Obama, who vigorously campaigned for his fellow Democrat to succeed him, had repeatedly called Trump unfit for the president’s office, while the businessman had often dubbed Obama’s eight-year tenure a “disaster.”
But in separate post-election remarks on Wednesday, both men appeared to seek to help the country heal from a bitterly divisive campaign, and that tone continued into the White House meeting.
Seated next to Obama after their talks, Trump told reporters: “We really discussed a lot of situations, some wonderful, some difficulties.” He said Obama explained “some of the really great things that have been achieved”, but did not elaborate.
“It was a great honor being with you and I look forward to being with you many, many more times in the future,” Trump said, with a tone of deference.
Trump, a real estate magnate who has never held political office, later met congressional leaders, including House Speaker Paul Ryan, a Republican who has had a strained relationship with the party’s presidential candidate.

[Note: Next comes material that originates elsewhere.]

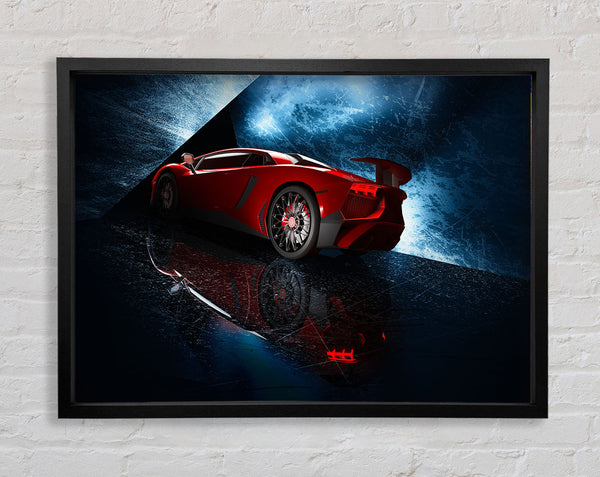 Red Supercar stanced Framed Print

Amid the efforts to bury hatchets, there were protests in a string of cities against Trump for a second day on Thursday as demonstrators expressed concern that Trump’s election would be a blow to civil rights. Security fences were erected around Trump’s new hotel in Washington, just blocks from the White House, and around New York’s Trump Tower as students protested his election.
Obama said he had offered assistance to Trump over the next couple of months and urged the country to unite to face its challenges.
“We now are going to want to do everything we can to help you succeed, because if you succeed, then the country succeeds,” Obama said, adding he and Trump discussed a range of domestic and foreign policy issues and details related to the transition period.
“The meeting might have been at least a little less awkward than some might have expected,” White House spokesman Josh Earnest told reporters.
The two men’s relaxed, cordial demeanor in front of the cameras was in stark contrast to the months of harsh rhetoric during the campaign.
Trump used Obama as a punching bag during his campaign speeches, repeatedly attacking the president’s policies from healthcare to an Iran nuclear deal. Both Obama and first lady Michelle Obama attacked Trump as temperamentally unfit for the White House and dangerously unprepared to have access to nuclear codes.
Asked at a White House briefing on Thursday whether the meeting had eased any of the concerns about Trump that Obama expressed during the campaign, Earnest said: “The president was never in a position to choose a successor. The American people chose his successor.”